:: Information shown ::
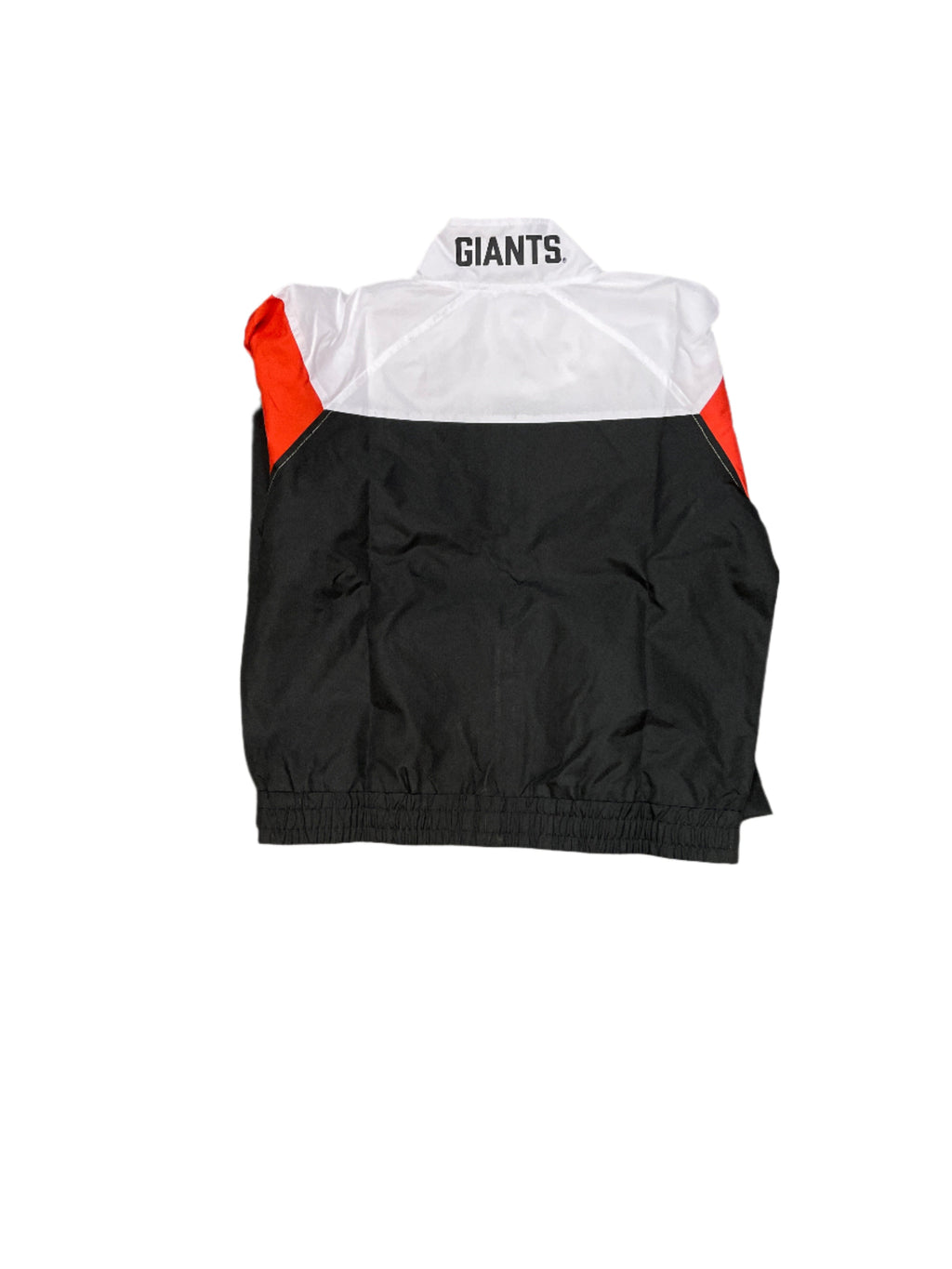 New Era Women San Francisco Giants Cropped Windbreaker Jacket product image 2, provided for visual reference and product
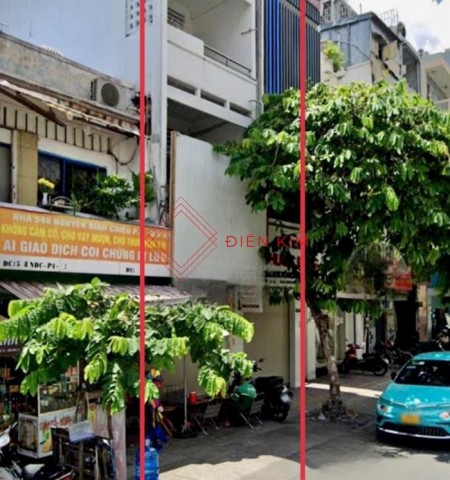 Cho thuê nhà mặt tiền đường Nguyễn Đình Chiểu quận 3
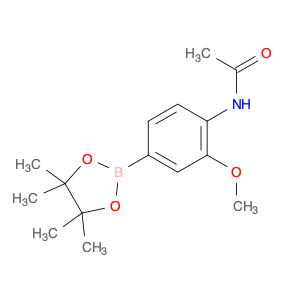 919496-45-0 N-(2-methoxy-4-(4,4,5,5-tetramethyl-1,3,2-dioxaborolan-2-yl)phenyl)acetamide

:: Problem requirements ::
Return a verbatim transcription of the data, omitting all images.

:: Reply to the task ::
 New Era Women San Francisco Giants Cropped Windbreaker Jacket product image 2, provided for visual reference and product
 Cho thuê nhà mặt tiền đường Nguyễn Đình Chiểu quận 3
 919496-45-0 N-(2-methoxy-4-(4,4,5,5-tetramethyl-1,3,2-dioxaborolan-2-yl)phenyl)acetamide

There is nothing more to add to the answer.